# Loosing teeth



## txrepgirl (Dec 24, 2009)

One of our Tegus is loosing his teeth. He is almost 2 1/2 years old. He has been burmating for a while now. He comes out about 1 or 2 times a week. Today when he came out I gave him a bath. After that he was basking for a while. When he was drinking some water I wanted to give him a f/t rat but he didn't want to eat it. I regulary check our Tegus mouth to make sure they are OK. I saw something small and white in there. So I put my fingers in there and got it out. It was a tooth. I opend his mouth again to check his gums. I saw that he lost some of his teeth and one was loose. I'm going to try to get a vet appointment as soon as I can.
Did any ones Tegu loose some teeth before ?


----------



## bubbategu2 (Dec 25, 2009)

That is so weird!! I was just going to write a post about my rescue Colombian loosing his teeth.
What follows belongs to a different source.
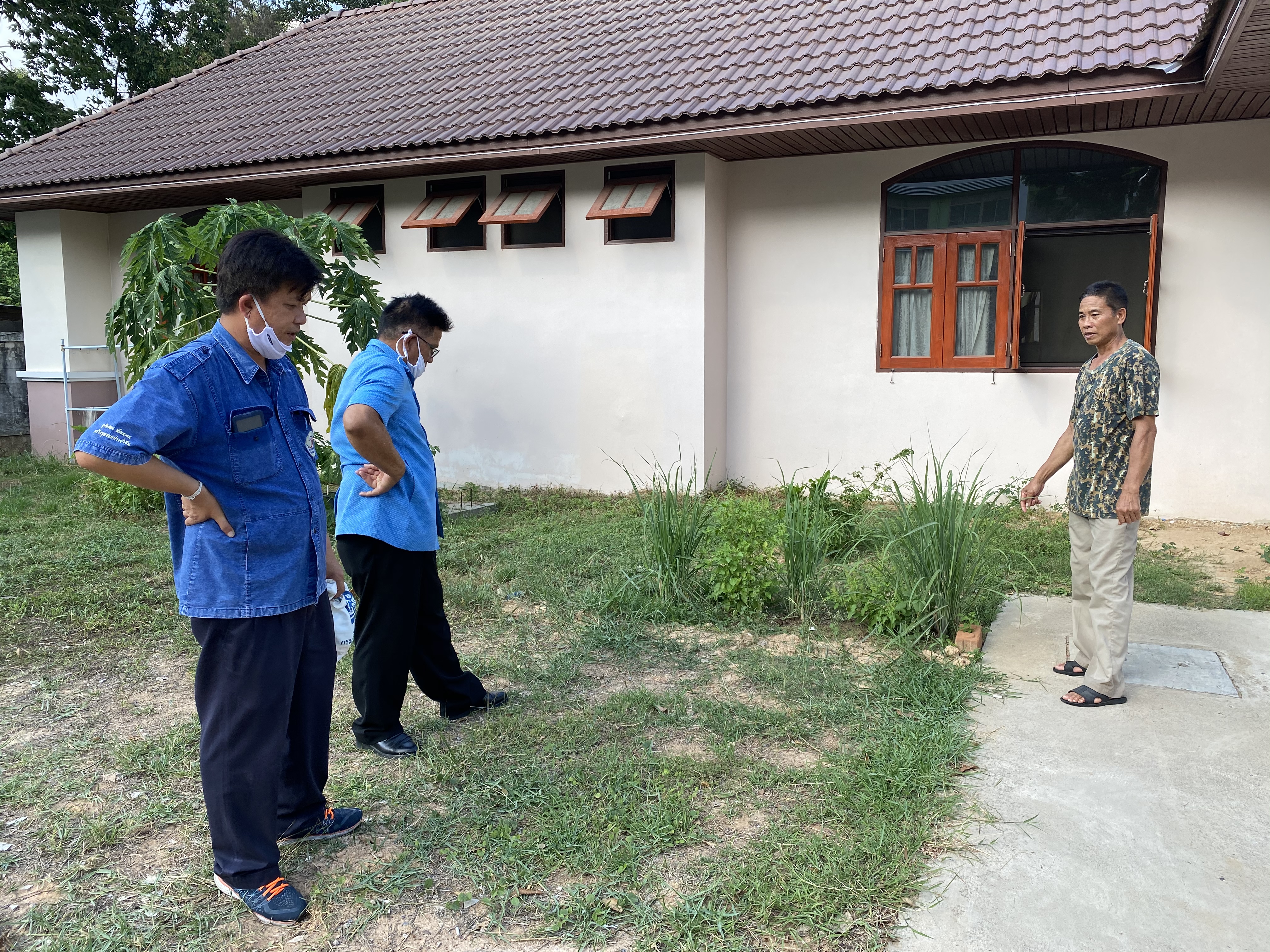 ยโสธร…เตรียมขับเคลื่อนปฏิบัติการ 90 วัน “ผู้นำต้องทำก่อน” ณ จวนผู้ว่าราชการจังหวัดยโสธร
I found one the other day on the floor and I wasn't sure where it came from. But I just now found another tooth in his cage! So he's the one that is loosing them. He hasn't been eating well lately either-he's given up eating F/T hopper or bigger mice. He only wants to eat something without hair. He wouldn't even eat a baby rat, but he eats chicken and ground turkey just fine. Mostly he just wants to sleep. I'm not sure how old he is but I think he's about two.


----------



## txrepgirl (Dec 25, 2009)

Hi Jeff. Wow, I'm wondering what is going on with our ( your Tegu and mine ) Tegus. I'm going to make a vet appointment on Monday and I'll let you know what the vet says as soon as I find out what is going on. Hope you had a good Christmas.


----------



## bubbategu2 (Dec 25, 2009)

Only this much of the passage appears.